Department of Molecular and Computational Biology, University of Southern California, Los Angeles, California 90089.
Department of Molecular and Computational Biology, University of Southern California, Los Angeles, California 90089
Genetics. 2019 Jan;211(1):289-304. doi: 10.1534/genetics.118.301747. Epub 2018 Nov 20.
Population structure leads to systematic patterns in measures of mean relatedness between individuals in large genomic data sets, which are often discovered and visualized using dimension reduction techniques such as principal component analysis (PCA). Mean relatedness is an average of the relationships across locus-specific genealogical trees, which can be strongly affected on intermediate genomic scales by linked selection and other factors. We show how to use local PCA to describe this intermediate-scale heterogeneity in patterns of relatedness, and apply the method to genomic data from three species, finding in each that the effect of population structure can vary substantially across only a few megabases. In a global human data set, localized heterogeneity is likely explained by polymorphic chromosomal inversions. In a range-wide data set of , factors that produce heterogeneity are shared between chromosomes, correlate with local gene density, and may be caused by linked selection, such as background selection or local adaptation.
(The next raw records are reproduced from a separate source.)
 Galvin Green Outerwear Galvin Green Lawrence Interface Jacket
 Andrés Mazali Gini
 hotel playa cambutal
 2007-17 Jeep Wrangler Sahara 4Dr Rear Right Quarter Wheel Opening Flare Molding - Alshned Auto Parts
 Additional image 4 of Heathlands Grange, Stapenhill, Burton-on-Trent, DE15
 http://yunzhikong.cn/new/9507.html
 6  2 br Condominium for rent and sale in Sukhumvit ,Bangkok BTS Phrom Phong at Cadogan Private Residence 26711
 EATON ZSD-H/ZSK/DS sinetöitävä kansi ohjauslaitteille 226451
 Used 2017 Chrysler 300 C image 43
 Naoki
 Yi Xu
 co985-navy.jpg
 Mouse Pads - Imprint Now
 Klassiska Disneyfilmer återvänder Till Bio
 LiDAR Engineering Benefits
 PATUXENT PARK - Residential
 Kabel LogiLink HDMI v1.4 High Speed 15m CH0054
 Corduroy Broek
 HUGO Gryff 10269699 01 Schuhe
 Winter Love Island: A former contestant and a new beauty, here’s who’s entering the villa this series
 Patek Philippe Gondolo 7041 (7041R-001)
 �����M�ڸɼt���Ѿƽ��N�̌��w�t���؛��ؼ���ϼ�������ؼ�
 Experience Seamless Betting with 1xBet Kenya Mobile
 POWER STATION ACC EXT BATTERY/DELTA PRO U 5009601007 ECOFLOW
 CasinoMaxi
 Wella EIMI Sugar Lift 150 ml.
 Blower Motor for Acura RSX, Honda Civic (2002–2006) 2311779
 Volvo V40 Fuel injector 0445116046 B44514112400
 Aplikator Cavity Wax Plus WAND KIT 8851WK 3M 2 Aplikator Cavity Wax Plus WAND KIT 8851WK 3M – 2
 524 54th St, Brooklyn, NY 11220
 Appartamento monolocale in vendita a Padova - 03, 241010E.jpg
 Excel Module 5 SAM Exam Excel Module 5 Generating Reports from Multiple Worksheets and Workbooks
In a data set of primarily African , large-scale heterogeneity across each chromosome arm is explained by known chromosomal inversions thought to be under recent selection and, after removing samples carrying inversions, remaining heterogeneity is correlated with recombination rate and gene density, again suggesting a role for linked selection. The visualization method provides a flexible new way to discover biological drivers of genetic variation, and its application to data highlights the strong effects that linked selection and chromosomal inversions can have on observed patterns of genetic variation.
人口结构导致了在大型基因组数据集个体间平均亲缘关系度量的系统模式,这些模式通常通过降维技术(如主成分分析 (PCA))来发现和可视化。平均亲缘关系是基于特定基因座的系统发育树的关系的平均值,这些关系可能会受到连锁选择和其他因素的强烈影响。我们展示了如何使用局部 PCA 来描述这种亲缘关系模式中的中间尺度异质性,并将该方法应用于来自三个物种的基因组数据,发现每个物种的群体结构效应仅在少数兆碱基范围内就会发生很大变化。在全球人类数据集,局部异质性可能是由多态性染色体倒位解释的。在一个广泛的因素产生异质性的染色体范围内数据集中,与局部基因密度相关的因素在染色体之间共享,可能是由连锁选择引起的,如背景选择或局部适应。在一个主要来自非洲的数据集,每个染色体臂上的大规模异质性都可以用最近受到选择的已知染色体倒位来解释,在去除携带倒位的样本后,剩余的异质性与重组率和基因密度相关,再次表明连锁选择的作用。该可视化方法为发现遗传变异的生物学驱动因素提供了一种灵活的新方法,其在数据中的应用强调了连锁选择和染色体倒位对观察到的遗传变异模式的强烈影响。